Harish Kotra (he/him)

Posted on Jun 13

Play & Learn ML Expands: Gradient Descent, Confusion Matrix, and the Overfitting Simulator

#ai #programming #tutorial #dailybuild2026

Three new interactive modules join the playground — making optimization, evaluation metrics, and the bias-variance tradeoff as tangible as everything else.

What's New

The original Play & Learn ML shipped with 5 modules covering the ML fundamentals: linear regression, k-means, decision trees, ensemble learning, and neural networks. But I knew there were more concepts that deserved the physical-metaphor treatment.

Today I'm adding 3 more:

Module	Concept	Metaphor	What You Do
Roller Coaster	Gradient Descent	A ball rolling down the loss landscape	Adjust learning rate & momentum, press Play, watch the ball descend
Sorting Machine	Confusion Matrix	Drag prediction cards into TP/TN/FP/FN bins	Sort cards by actual vs predicted value — see error types visually
Emperor's Tailor	Overfitting	A tailor who perfectly fits the noise	Slide polynomial degree from 1 to 14, watch the curve go from underfit to wildly overfit

Each module has 5 progressive levels, the DefinitionGuide, LiveHint messages, and auto-detected completion — just like the originals.

Roller Coaster — Gradient Descent

The Metaphor

Gradient descent is hard to feel when it's just a math formula:

$$w_{t+1} = w_t - \eta \nabla L(w_t)$$

But everyone has watched a ball roll down a hill. You know intuitively that:

A steeper hill means the ball rolls faster (larger gradient)
A heavier ball is harder to stop (momentum)
If you push it too hard, it might fly off the track (divergence)
It can get stuck in a dip (local minimum) and miss the deeper valley (global minimum)

I turned this into a contour plot of a 2D loss landscape — a heatmap where darker regions mean lower loss. The ball starts at a high point and follows gradient descent to the minimum.

What You Control

Learning rate — A slider from 0.005 to 0.8. Low values make slow, steady progress. High values make fast progress — or send the ball flying off the landscape entirely.

Momentum — A toggle with a slider (0.1–0.95). Momentum accumulates velocity across steps, letting the ball roll past shallow local minima and find deeper valleys. This directly mirrors the momentum optimizer used in modern deep learning (SGD with momentum, Adam, etc.).

Technical Implementation

The loss landscape is rendered as a D3 heatmap grid:

function lossFn(x, y) {
  return 0.3 * (x * x + 2 * y * y)
       + 1.2 * Math.sin(1.8 * x) * Math.cos(1.2 * y)
       + 2 + 0.4 * Math.cos(3 * x) * Math.sin(2 * y);
}

This creates a surface with multiple local minima and one global minimum. The contour plot renders a 40×40 grid of colored rectangles using a sequential log scale (Viridis interpolation), plus contour lines for visual depth.
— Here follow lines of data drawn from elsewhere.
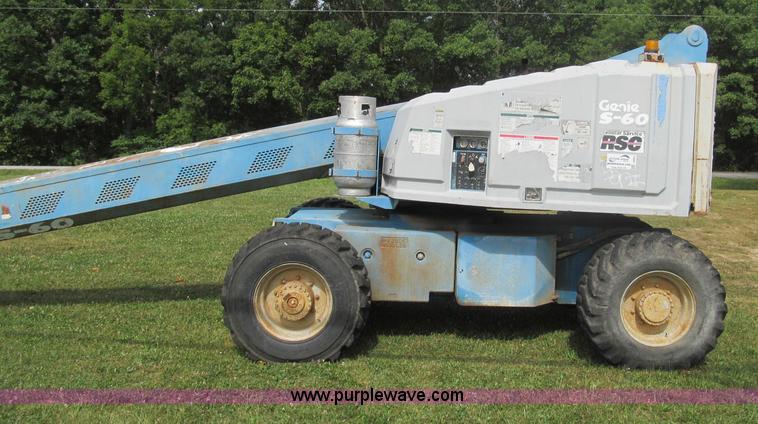 image for item I8994 1992 Genie S-60 boom lift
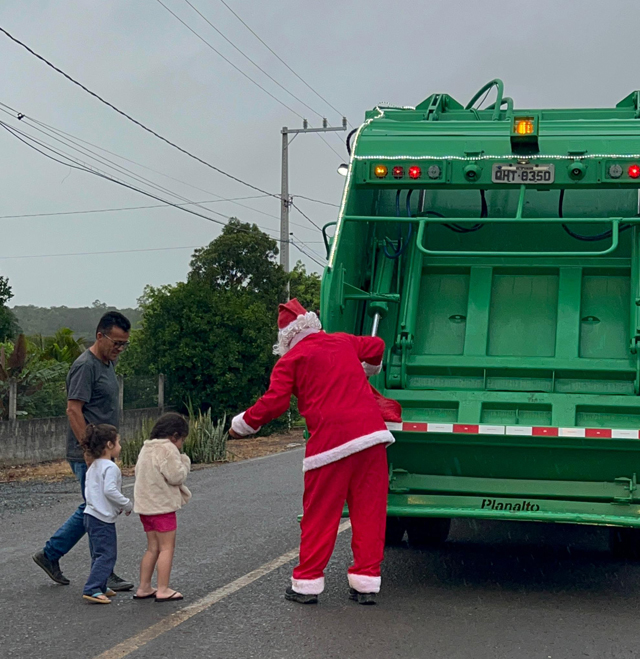 Racli Limpeza Urbana promove a&ccedil;&atilde;o especial de Natal nas cidades onde atua
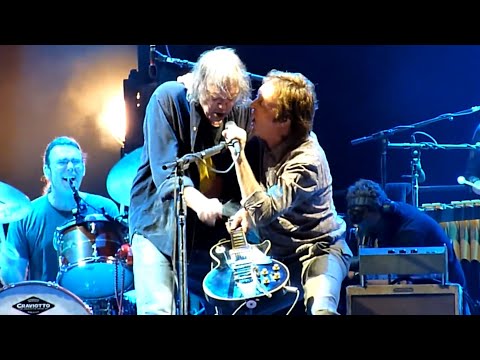 Neil Young & Paul McCartney A Day In The Life New Sound Live From Hyde Park 27th June 2009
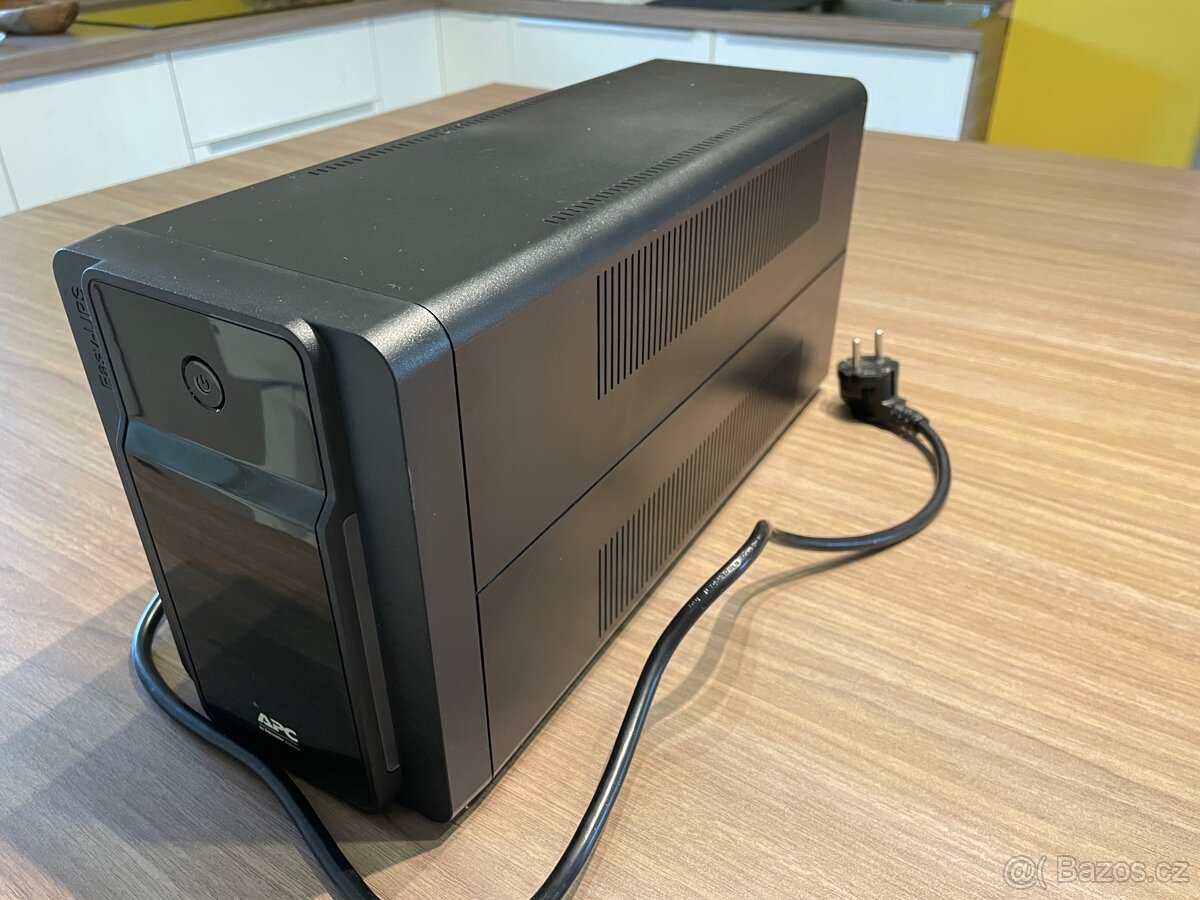 Záložní zdroj APC model BVX2200LI-GR - 2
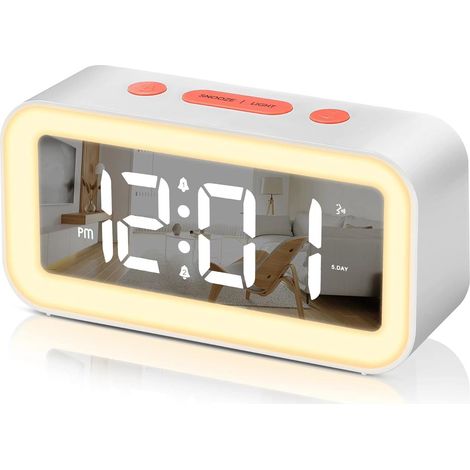 Réveil Numérique, Horloge Numérique LED avec Veilleuse Réglable Lumière Fonction Snooze 2 Alarme 12/24Hr Alimenté par USB Reveil Numerique Enfant Ado Adulte Chambre Chevet(Blanc) (1/5)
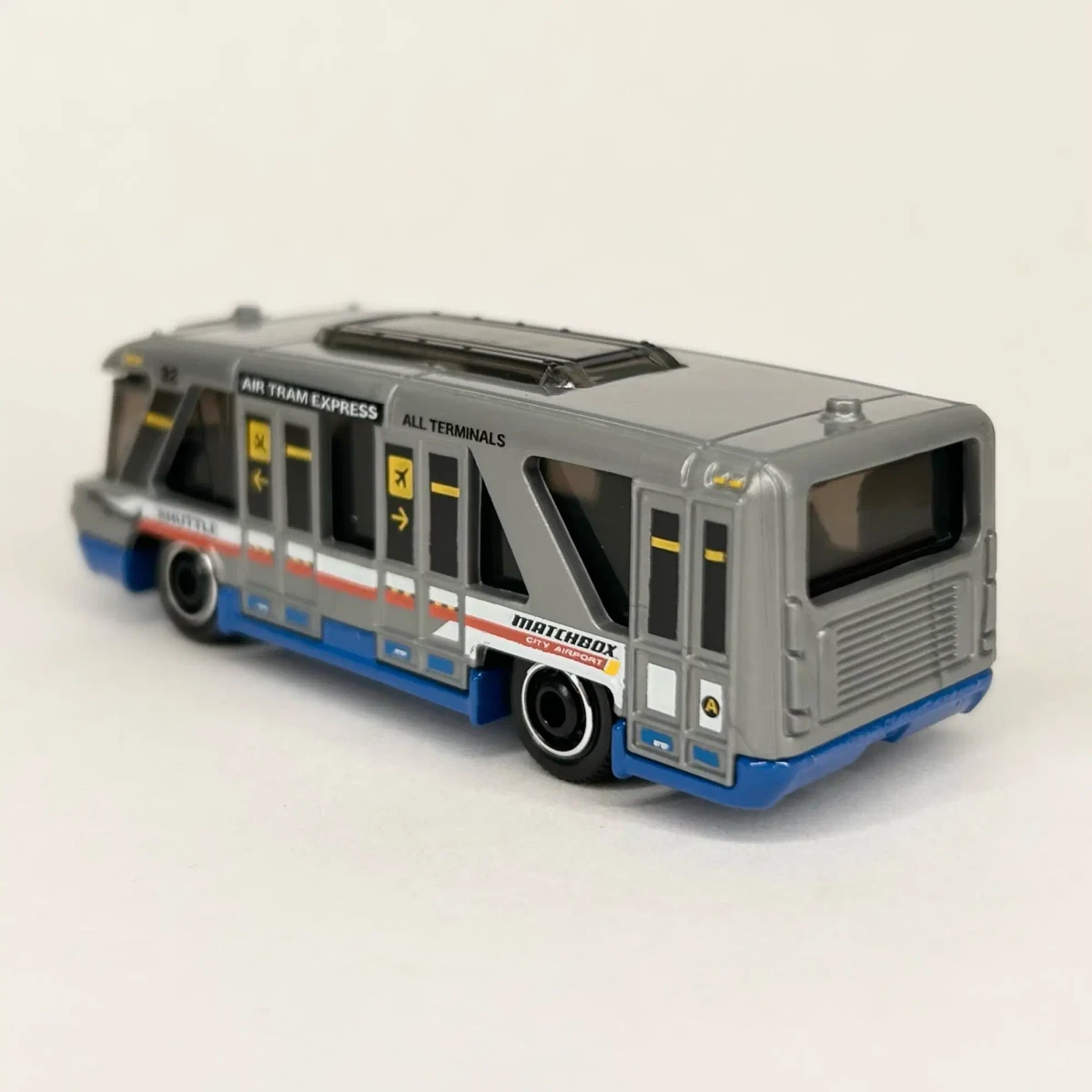 2025 Swift Shuttle Grey: No Package: Image 4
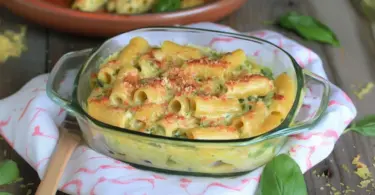 Gratin de pâtes aux courgettes et chèvre frais – Recette facile et rapide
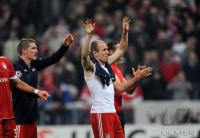 FUSSBALL  International CHL 09/10: Arjen Robben, Bastian Schweinsteiger (v. re., FCB)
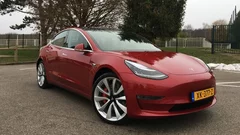 Tesla Model 3 : la version à 35 000 dollars (déjà) retirée du catalogue, ou presque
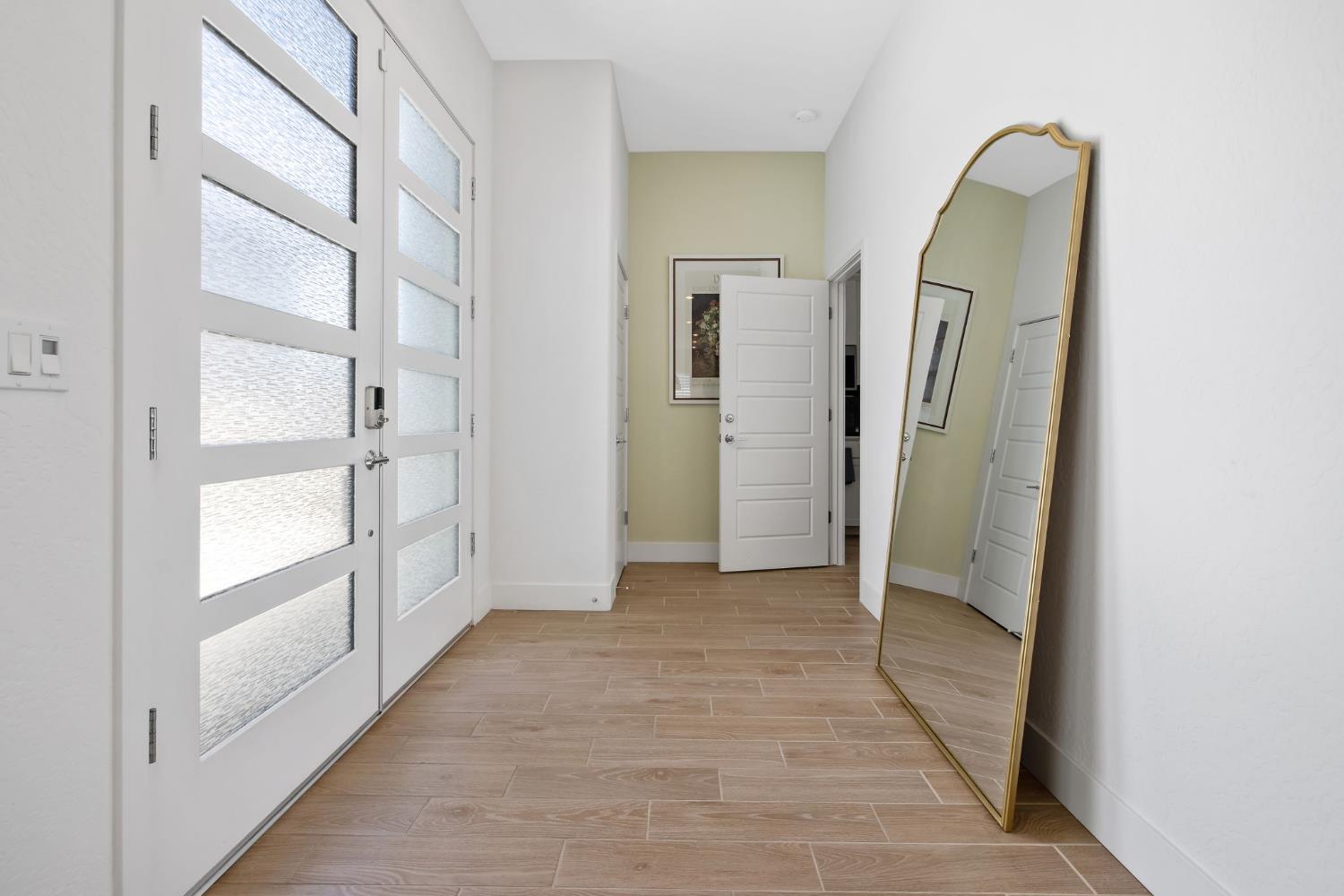 3733 N Clay, Visalia, CA 93291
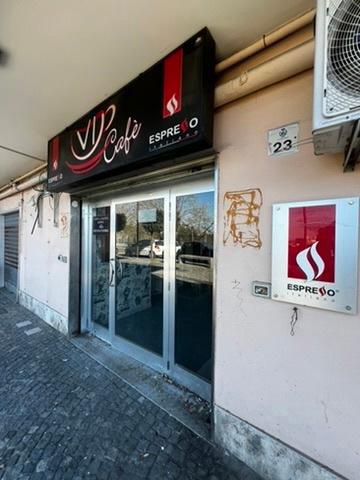Negozio in Via Guerra  23, San Giorgio A Cremano, {3} - Foto 2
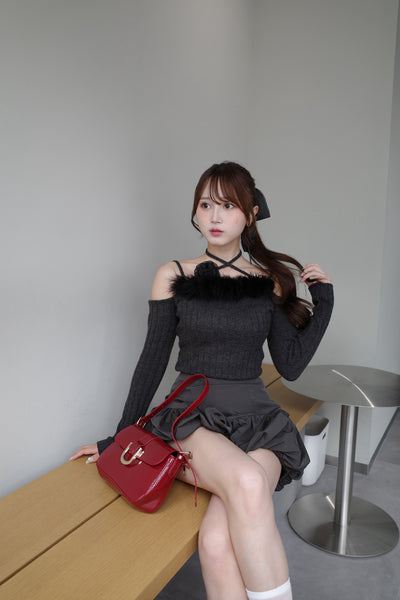 【10月上旬配送】Feather Bloom Off Shoulder Knit Top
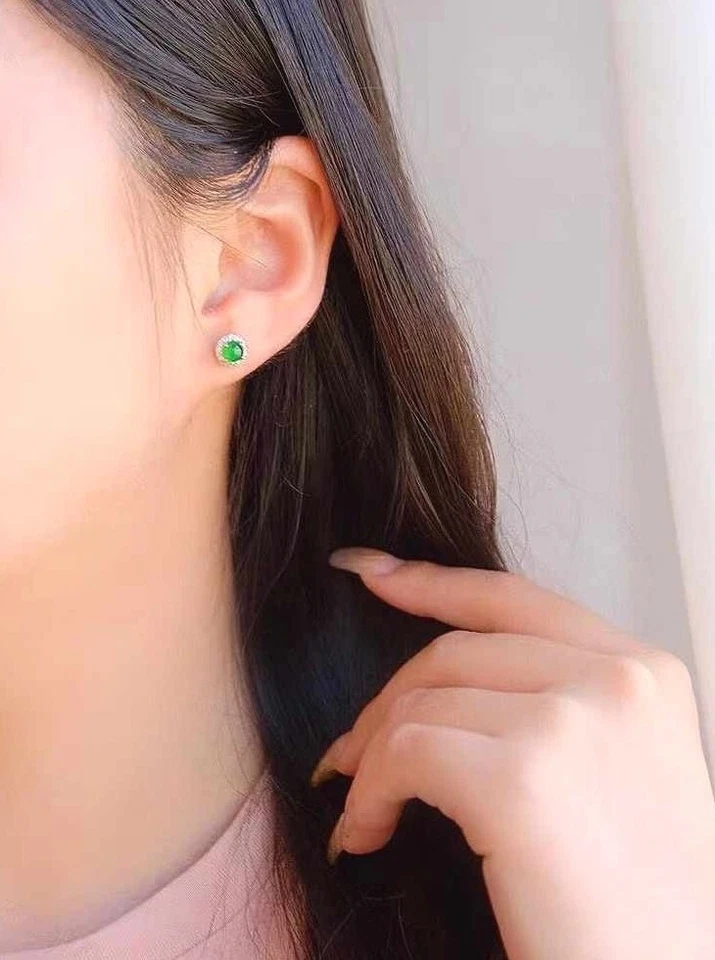 18K White Gold Natural Top Green Type A Jadeite Jade Diamond Earrings — 第 3/4 张图片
The ball's motion is computed via finite-difference gradients:

function gradFn(x, y) {
  const h = 0.01;
  return {
    dx: (lossFn(x + h, y) - lossFn(x - h, y)) / (2 * h),
    dy: (lossFn(x, y + h) - lossFn(x, y - h)) / (2 * h),
  };
}

And the update rule includes momentum:

v.x = mu * v.x - lr * g.dx;
v.y = mu * v.y - lr * g.dy;
pos.x += v.x;
pos.y += v.y;

The animation loop uses requestAnimationFrame with a 30ms throttle, updating the ball position, trail path, and live loss readout every other frame. React state is batched to avoid flooding the render cycle.

The 5 Levels

Level	Challenge	What It Teaches
1	Press Play and watch the ball roll	GD is just "follow the slope"
2	Reach the global minimum	Find where loss is lowest
3	Reach it with LR ≤ 0.05	Low LR = safe but slow
4	Escape local min with momentum	Momentum lets you bypass shallow valleys
5	Reach global min in ≤ 30 steps	Aggressive LR + skill = speed run

The global minimum is pre-computed by brute-forcing the landscape at 0.05 resolution. Level detection checks both position proximity to the true minimum and the step/learning-rate constraints.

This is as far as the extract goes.